Performance of sqrt function on AArch64

I'm taking the performance of sqrt function on AArch64 for academic reasons. Code for Single float sqrtf function:

fsqrt s0, s0 
ret

Code for Double float sqrt function:

fsqrt d0, d0 
ret

I'm referring to theoretical latencies for FSQRT from here: http://infocenter.arm.com/help/topic/com.arm.doc.uan0015b/Cortex_A57_Software_Optimization_Guide_external.pdf

latencies of FSQRT

Single sqrt seems 2x better than double.

But, while profiling I'm getting these numbers:

326 ms  sqrt
 82 ms  sqrtf

I'm taking times for same number of cycles. From those numbers, sqrtf seems 4x better.

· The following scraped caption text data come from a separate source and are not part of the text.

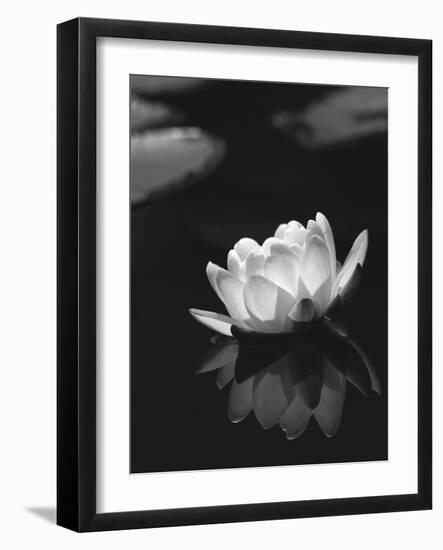 Water Lily BW-István Nagy-Framed Photographic Print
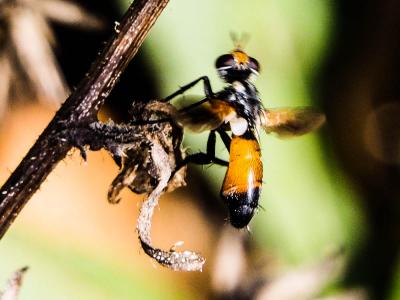  Cylindromyia rufifrons (Loew, 1844)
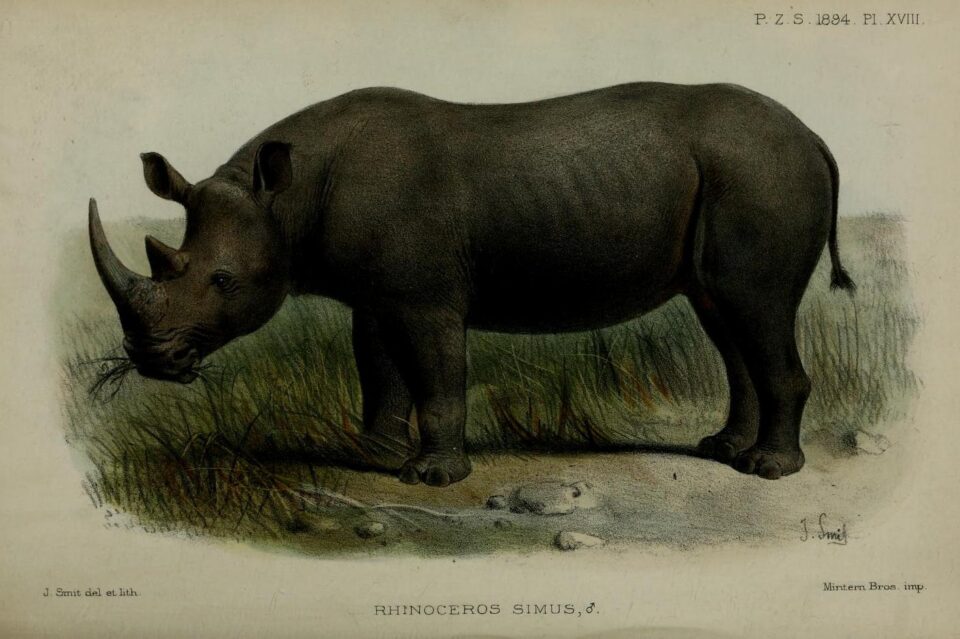 Coryndon’s rhino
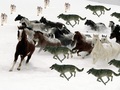 Packs of wolves hunted a herd of horses - wolves fan art
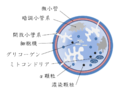 2015年12月23日 (水) 14:27時点における版のサムネイル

I'm not able find proper reason why? Not able to find proper explanations about how actually this instruction on internet.

Some info or direction on this would be really useful.

Upvotes: 2

Views: 2105

Answers (1)

Kyrill
Kyrill

Reputation: 3811

If you look at the note attached to the table entries for the FSQRT instruction in the Cortex-A57 optimization guide, it says that the "FP divide and square root operations are performed using an iterative algorithm".

That means that depending on the input to the instruction, the latency will vary. That is the meaning of the "7-17" and "7-32" latency numbers in the table. Depending on the input the single-precision FSQRT can take between 7 and 17 cycles to complete whereas the double-precision variant can take between 7 and 32 cycles.

So if a particular single-precision computation happens to take 7 cycles but a double precision computation takes, say, 28 cycles you have a 4x disparity.